> [TO DO] Return the following from the records below: each line, word for word, starting with the line that contains "Barn Owl Perched" and going on through the line that contains "Savoy House - 5-3805-BK", with nothing outside that range.

> [GIVEN DATA]
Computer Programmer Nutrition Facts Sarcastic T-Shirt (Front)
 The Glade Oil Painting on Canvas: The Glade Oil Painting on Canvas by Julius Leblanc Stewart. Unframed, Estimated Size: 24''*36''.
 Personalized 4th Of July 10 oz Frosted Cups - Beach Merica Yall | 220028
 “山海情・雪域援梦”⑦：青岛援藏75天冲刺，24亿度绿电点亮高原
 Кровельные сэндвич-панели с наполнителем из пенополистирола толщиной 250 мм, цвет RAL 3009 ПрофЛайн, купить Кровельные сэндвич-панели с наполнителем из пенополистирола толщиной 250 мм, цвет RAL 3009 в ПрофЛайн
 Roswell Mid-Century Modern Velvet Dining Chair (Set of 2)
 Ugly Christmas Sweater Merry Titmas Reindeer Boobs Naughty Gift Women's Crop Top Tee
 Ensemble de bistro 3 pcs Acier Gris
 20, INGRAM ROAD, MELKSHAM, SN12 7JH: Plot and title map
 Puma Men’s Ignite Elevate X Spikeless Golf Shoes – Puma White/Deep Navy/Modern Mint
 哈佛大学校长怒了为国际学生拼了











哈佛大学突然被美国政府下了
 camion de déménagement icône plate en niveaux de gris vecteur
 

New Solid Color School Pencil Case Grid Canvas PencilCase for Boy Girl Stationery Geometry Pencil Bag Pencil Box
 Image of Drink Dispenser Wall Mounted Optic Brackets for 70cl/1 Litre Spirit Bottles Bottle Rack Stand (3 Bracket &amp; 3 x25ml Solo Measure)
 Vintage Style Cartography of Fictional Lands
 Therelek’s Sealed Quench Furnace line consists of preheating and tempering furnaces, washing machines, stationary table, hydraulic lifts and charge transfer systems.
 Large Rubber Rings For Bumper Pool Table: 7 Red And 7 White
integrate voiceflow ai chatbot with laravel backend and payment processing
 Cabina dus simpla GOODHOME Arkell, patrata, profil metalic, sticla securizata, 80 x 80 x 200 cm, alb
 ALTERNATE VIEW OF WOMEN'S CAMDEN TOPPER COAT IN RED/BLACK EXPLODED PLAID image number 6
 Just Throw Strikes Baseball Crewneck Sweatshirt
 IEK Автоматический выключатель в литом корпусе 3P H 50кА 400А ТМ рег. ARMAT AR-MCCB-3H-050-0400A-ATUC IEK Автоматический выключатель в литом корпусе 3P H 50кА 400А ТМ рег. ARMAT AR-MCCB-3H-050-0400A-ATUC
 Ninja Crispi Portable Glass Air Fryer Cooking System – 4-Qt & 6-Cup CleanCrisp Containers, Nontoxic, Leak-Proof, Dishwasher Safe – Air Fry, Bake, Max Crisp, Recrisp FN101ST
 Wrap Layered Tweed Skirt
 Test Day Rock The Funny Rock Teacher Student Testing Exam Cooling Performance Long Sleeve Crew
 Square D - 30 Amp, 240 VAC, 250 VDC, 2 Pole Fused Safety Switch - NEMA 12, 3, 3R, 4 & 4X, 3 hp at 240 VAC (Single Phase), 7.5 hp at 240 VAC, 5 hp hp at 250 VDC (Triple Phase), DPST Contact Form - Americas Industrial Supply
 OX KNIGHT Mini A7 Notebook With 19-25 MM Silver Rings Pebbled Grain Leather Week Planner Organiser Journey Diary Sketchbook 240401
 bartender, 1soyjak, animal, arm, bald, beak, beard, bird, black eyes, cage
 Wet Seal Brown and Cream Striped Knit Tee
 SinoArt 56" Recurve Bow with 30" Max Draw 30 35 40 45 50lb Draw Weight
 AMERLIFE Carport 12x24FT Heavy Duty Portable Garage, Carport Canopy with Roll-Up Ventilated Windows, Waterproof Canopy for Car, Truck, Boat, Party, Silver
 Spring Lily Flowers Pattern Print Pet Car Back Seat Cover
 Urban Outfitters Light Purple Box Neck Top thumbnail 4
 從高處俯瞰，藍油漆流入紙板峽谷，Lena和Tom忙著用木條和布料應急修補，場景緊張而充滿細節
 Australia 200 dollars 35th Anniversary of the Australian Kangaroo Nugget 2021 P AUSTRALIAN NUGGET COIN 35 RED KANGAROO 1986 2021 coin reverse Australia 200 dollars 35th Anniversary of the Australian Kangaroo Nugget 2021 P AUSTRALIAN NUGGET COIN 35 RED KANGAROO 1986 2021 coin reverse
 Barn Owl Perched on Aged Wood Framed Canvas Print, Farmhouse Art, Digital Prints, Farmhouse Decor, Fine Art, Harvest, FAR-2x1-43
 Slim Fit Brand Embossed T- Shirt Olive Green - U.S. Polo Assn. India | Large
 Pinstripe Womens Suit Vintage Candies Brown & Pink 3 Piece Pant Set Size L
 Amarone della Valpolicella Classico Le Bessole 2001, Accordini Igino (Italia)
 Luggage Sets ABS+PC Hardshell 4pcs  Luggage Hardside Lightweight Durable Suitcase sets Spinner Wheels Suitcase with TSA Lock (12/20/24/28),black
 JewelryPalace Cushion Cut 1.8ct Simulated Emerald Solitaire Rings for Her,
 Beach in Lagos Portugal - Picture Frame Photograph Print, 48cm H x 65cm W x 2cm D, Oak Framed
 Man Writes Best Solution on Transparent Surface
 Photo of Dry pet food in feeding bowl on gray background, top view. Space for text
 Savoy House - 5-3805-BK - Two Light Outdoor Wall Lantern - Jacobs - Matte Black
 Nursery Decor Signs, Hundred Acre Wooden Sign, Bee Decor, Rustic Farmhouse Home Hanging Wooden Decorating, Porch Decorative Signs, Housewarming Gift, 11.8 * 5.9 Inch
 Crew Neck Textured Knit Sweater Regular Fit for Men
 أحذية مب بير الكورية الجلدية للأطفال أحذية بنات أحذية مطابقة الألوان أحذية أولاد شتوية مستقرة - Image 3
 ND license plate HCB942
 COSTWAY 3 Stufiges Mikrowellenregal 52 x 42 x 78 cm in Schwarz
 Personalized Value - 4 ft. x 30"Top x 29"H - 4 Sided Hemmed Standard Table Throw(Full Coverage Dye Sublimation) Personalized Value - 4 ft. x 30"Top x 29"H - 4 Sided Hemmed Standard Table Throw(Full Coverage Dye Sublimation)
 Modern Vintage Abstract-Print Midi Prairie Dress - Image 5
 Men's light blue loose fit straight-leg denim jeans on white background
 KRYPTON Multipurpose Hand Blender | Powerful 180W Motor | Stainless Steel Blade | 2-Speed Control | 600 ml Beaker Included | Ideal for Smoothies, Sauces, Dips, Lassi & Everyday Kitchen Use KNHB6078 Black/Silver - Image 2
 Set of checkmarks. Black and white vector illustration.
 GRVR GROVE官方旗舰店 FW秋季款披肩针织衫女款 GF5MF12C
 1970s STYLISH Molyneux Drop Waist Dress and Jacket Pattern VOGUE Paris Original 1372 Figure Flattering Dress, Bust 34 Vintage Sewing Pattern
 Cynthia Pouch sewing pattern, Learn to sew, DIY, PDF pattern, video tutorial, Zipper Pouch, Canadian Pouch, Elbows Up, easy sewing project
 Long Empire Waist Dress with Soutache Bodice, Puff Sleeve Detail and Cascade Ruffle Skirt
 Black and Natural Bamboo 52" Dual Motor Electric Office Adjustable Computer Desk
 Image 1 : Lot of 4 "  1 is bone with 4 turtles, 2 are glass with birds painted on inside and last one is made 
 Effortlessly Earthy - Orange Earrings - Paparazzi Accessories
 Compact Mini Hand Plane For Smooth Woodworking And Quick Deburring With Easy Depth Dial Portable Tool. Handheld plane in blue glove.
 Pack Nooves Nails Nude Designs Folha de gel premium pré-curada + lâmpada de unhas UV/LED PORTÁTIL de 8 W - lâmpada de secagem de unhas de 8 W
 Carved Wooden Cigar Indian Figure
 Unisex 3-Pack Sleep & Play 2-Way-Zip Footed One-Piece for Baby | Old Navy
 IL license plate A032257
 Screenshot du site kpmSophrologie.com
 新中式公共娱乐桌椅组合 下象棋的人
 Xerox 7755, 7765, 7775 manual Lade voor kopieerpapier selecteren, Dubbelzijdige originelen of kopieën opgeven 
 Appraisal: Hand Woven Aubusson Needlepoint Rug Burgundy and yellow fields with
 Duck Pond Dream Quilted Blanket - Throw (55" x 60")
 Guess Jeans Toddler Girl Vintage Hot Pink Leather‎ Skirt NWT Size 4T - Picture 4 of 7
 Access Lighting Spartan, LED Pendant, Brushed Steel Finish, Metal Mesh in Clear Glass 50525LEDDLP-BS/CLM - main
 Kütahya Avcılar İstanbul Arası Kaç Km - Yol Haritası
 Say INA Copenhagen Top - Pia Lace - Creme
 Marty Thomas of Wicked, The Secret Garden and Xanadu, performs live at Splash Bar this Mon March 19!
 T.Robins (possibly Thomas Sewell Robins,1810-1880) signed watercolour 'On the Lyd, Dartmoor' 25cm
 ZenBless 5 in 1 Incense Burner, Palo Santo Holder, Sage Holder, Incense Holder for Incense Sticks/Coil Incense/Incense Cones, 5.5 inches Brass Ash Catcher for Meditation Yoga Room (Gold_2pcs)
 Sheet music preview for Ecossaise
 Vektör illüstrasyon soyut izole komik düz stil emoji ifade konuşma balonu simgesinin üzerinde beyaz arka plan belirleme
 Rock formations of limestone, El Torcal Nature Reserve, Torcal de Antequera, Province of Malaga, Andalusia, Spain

> [RESPONSE TO THE EXERCISE]
 Barn Owl Perched on Aged Wood Framed Canvas Print, Farmhouse Art, Digital Prints, Farmhouse Decor, Fine Art, Harvest, FAR-2x1-43
 Slim Fit Brand Embossed T- Shirt Olive Green - U.S. Polo Assn. India | Large
 Pinstripe Womens Suit Vintage Candies Brown & Pink 3 Piece Pant Set Size L
 Amarone della Valpolicella Classico Le Bessole 2001, Accordini Igino (Italia)
 Luggage Sets ABS+PC Hardshell 4pcs  Luggage Hardside Lightweight Durable Suitcase sets Spinner Wheels Suitcase with TSA Lock (12/20/24/28),black
 JewelryPalace Cushion Cut 1.8ct Simulated Emerald Solitaire Rings for Her,
 Beach in Lagos Portugal - Picture Frame Photograph Print, 48cm H x 65cm W x 2cm D, Oak Framed
 Man Writes Best Solution on Transparent Surface
 Photo of Dry pet food in feeding bowl on gray background, top view. Space for text
 Savoy House - 5-3805-BK - Two Light Outdoor Wall Lantern - Jacobs - Matte Black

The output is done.